→ **WHAT TO PRODUCE**
Please give the listing again in full, leaving out its images.

→ **SUPPLIED ENTRIES**
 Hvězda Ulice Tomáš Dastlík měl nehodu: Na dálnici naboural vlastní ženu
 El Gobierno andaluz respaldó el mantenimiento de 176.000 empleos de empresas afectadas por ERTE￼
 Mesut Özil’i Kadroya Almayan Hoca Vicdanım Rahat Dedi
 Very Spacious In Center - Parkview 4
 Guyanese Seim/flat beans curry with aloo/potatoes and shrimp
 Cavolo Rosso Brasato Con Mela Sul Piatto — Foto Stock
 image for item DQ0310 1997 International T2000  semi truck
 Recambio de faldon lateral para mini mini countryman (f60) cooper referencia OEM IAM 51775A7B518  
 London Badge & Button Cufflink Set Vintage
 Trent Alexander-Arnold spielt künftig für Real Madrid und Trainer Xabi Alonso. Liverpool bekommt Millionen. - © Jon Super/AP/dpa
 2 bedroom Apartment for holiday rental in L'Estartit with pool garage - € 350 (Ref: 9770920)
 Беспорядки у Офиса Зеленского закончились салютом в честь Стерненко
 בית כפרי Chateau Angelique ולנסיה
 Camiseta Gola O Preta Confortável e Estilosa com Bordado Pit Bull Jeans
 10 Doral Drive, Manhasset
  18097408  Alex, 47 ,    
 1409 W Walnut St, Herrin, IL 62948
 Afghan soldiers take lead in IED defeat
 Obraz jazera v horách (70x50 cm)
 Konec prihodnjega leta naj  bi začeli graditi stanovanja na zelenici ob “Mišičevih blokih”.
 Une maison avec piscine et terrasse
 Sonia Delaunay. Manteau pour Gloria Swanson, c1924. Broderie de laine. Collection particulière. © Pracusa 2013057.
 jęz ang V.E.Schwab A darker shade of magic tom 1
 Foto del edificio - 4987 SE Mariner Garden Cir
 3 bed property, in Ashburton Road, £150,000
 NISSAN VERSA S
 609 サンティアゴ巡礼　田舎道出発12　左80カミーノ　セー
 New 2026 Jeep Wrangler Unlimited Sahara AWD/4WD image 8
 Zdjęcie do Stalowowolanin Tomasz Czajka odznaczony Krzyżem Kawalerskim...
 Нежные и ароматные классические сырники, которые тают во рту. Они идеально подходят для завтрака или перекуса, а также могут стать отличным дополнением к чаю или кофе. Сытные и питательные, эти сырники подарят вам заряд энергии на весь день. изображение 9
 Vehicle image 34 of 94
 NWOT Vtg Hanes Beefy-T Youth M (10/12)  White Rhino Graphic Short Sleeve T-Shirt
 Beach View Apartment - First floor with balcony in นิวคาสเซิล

→ **RESULT**
 Hvězda Ulice Tomáš Dastlík měl nehodu: Na dálnici naboural vlastní ženu
 El Gobierno andaluz respaldó el mantenimiento de 176.000 empleos de empresas afectadas por ERTE
 Mesut Özil’i Kadroya Almayan Hoca Vicdanım Rahat Dedi
 Very Spacious In Center - Parkview 4
 Guyanese Seim/flat beans curry with aloo/potatoes and shrimp
 Cavolo Rosso Brasato Con Mela Sul Piatto — Foto Stock
 image for item DQ0310 1997 International T2000  semi truck
 Recambio de faldon lateral para mini mini countryman (f60) cooper referencia OEM IAM 51775A7B518  
 London Badge & Button Cufflink Set Vintage
 Trent Alexander-Arnold spielt künftig für Real Madrid und Trainer Xabi Alonso. Liverpool bekommt Millionen. - © Jon Super/AP/dpa
 2 bedroom Apartment for holiday rental in L'Estartit with pool garage - € 350 (Ref: 9770920)
 Беспорядки у Офиса Зеленского закончились салютом в честь Стерненко
 בית כפרי Chateau Angelique ולנסיה
 Camiseta Gola O Preta Confortável e Estilosa com Bordado Pit Bull Jeans
 10 Doral Drive, Manhasset
  18097408  Alex, 47 ,    
 1409 W Walnut St, Herrin, IL 62948
 Afghan soldiers take lead in IED defeat
 Obraz jazera v horách (70x50 cm)
 Konec prihodnjega leta naj  bi začeli graditi stanovanja na zelenici ob “Mišičevih blokih”.
 Une maison avec piscine et terrasse
 Sonia Delaunay. Manteau pour Gloria Swanson, c1924. Broderie de laine. Collection particulière. © Pracusa 2013057.
 jęz ang V.E.Schwab A darker shade of magic tom 1
 Foto del edificio - 4987 SE Mariner Garden Cir
 3 bed property, in Ashburton Road, £150,000
 NISSAN VERSA S
 609 サンティアゴ巡礼　田舎道出発12　左80カミーノ　セー
 New 2026 Jeep Wrangler Unlimited Sahara AWD/4WD image 8
 Zdjęcie do Stalowowolanin Tomasz Czajka odznaczony Krzyżem Kawalerskim...
 Нежные и ароматные классические сырники, которые тают во рту. Они идеально подходят для завтрака или перекуса, а также могут стать отличным дополнением к чаю или кофе. Сытные и питательные, эти сырники подарят вам заряд энергии на весь день. изображение 9
 Vehicle image 34 of 94
 NWOT Vtg Hanes Beefy-T Youth M (10/12)  White Rhino Graphic Short Sleeve T-Shirt
 Beach View Apartment - First floor with balcony in นิวคาสเซิล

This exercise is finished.